Mesdames, Messieurs,
Chères Consœurs, Chers Confrères, Chers amis,
Permettez-moi tout d’abord de vous accueillir à la domus medica et de vous remercier de votre présence ici au siège de la CSMF. Vous aurez tous constaté que notre maison a changé. Les travaux entrepris il y a près de 2 ans ont doté la CSMF de locaux modernes et fonctionnels au service du premier syndicat des médecins libéraux, de ses adhérents et de tous ceux qui veulent faire avancer la médecine libérale. Il nous faudra encore 3 petites semaines de travaux pour ouvrir notre espace événementiel situé au rez-de-chaussée de la domus medica où nous aurons le plaisir d’y accueillir de nombreuses manifestations. L’amphithéâtre et les 3 salles de formation connectés nous offrent un outil de travail tout à fait exceptionnel en plein cœur de Paris. Vous ne tarderez pas à recevoir une invitation pour l’inauguration officielle qui aura lieu au printemps en présence des représentants du monde de la santé que nous aurons plaisir à recevoir pour cette occasion.

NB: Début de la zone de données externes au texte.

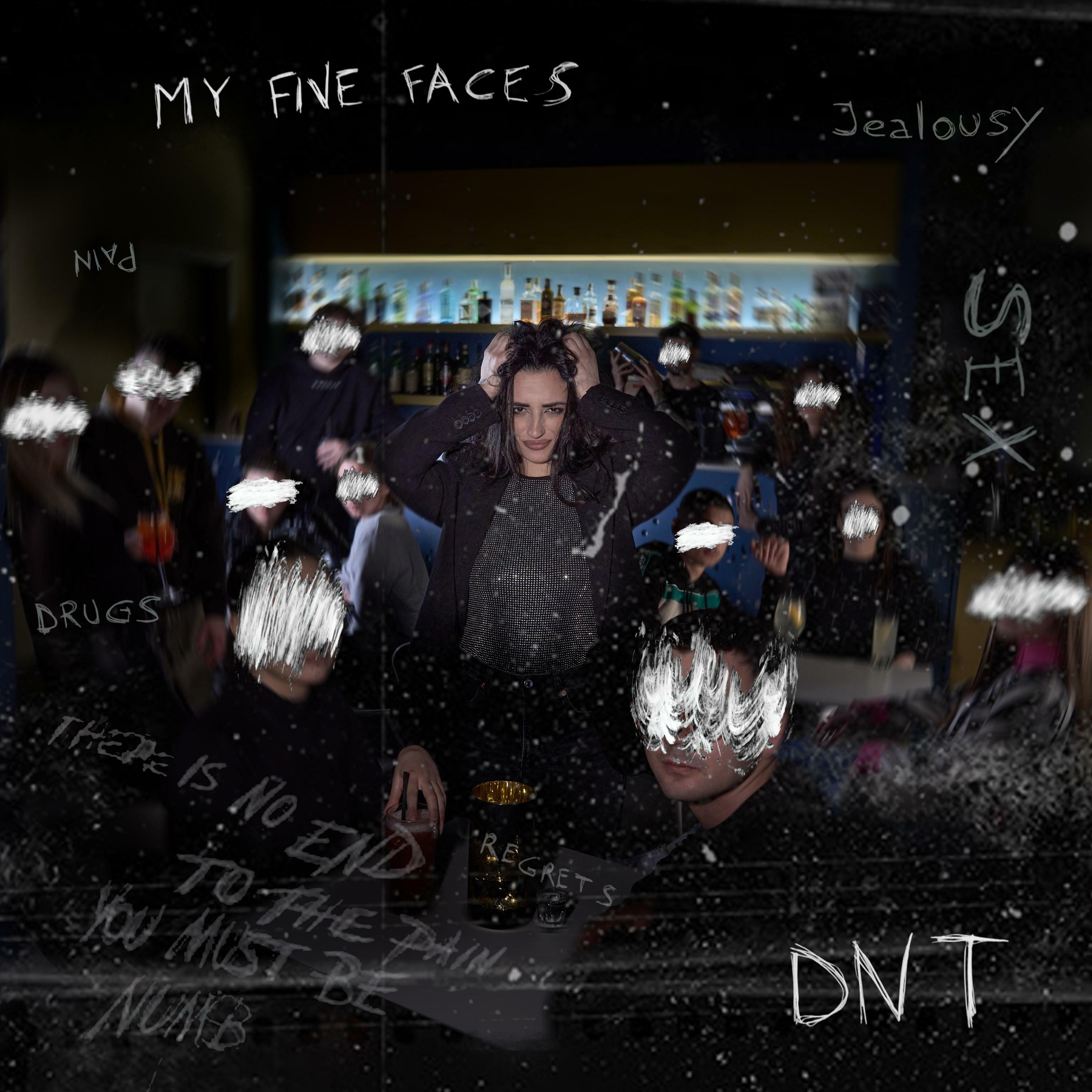 Track Image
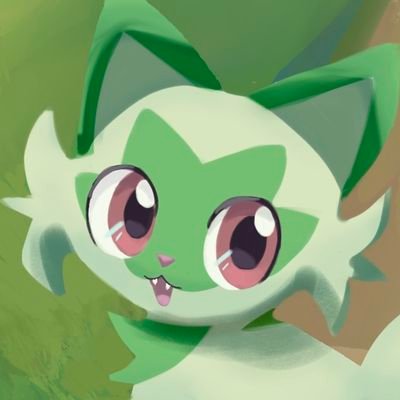 Hi, I’m Spacecrow!🩵 she/her | poor Eng/Ru | I like to draw pokemon, kemono, anime and fandom characters ko-fi: https://t.co/KlrWJdA9fa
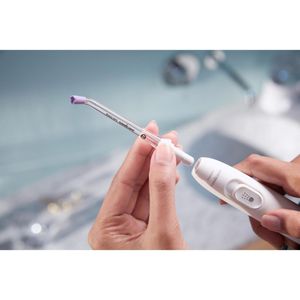 Produktbild für Munddusche Philips Sonicare HX3711/20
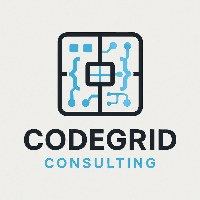 CodeGrid Consulting Avatar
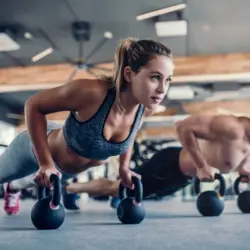 Ausbildung Group Fitness Trainer A Lizenz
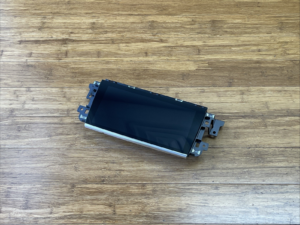 2019-2025 Audi A8L D5 3.0L Dash Information Display Screen Monitor OEM
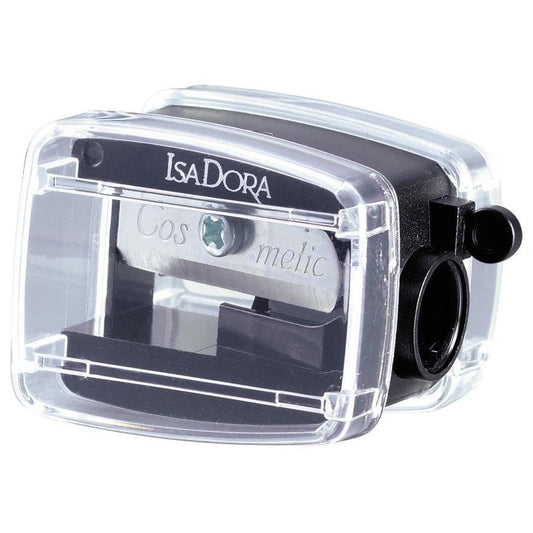 IsaDora IsaDora, Augenstiftspitzer, Schwarz Regular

Cette cérémonie de vœux devrait se dérouler dans un climat apaisé et festif comme il en est usage. Et pourtant, la médecine libérale a la gueule de bois. Elle se sent chaque jour un peu plus méprisée et déconsidérée. Les attaques incessantes que vivent les médecins libéraux ont atteint un paroxysme jamais rencontré. Plus que quiconque, les médecins libéraux sont en première ligne dans la réponse aux besoins de soins de la population française. Et plus que quiconque, ils sont confrontés aux difficultés croissantes d’accès aux soins. Qui peut imaginer qu’en assurant 80% des consultations et l’immense majorité des actes techniques, les médecins libéraux ne sont pas en première ligne de la réponse aux demandes de soins de la population. Mieux que quiconque, parce qu’étant en première ligne, c’est le médecin libéral qui est confronté à ces demandes pressantes d’une population qui peine à trouver un médecin. Et nous ne sommes pas responsables de cette difficulté d’accès aux soins. Ni nous, ni les patients bien sûr. Il serait peut-être temps que les politiques aient l’humilité de reconnaître leurs erreurs. Par une politique démographique diminuant drastiquement le nombre de médecins, et faisant fi des conséquences du départ des baby boomers, les politiques sont responsables de cette situation. Il ne s’agit pas pour moi de demander des comptes ou de mettre au pilori tel ou tel ancien chef de gouvernement. Mais, ne pensez-vous pas qu’une déclaration liminaire reconnaissant les erreurs du passé serait un premier geste ? Les médecins libéraux ne sont pas fous. Au contraire, ils sont responsables. Ils sont engagés au service de leurs patients. Ils demandent juste de la bienveillance et les moyens nécessaires pour traverser cette période si difficile.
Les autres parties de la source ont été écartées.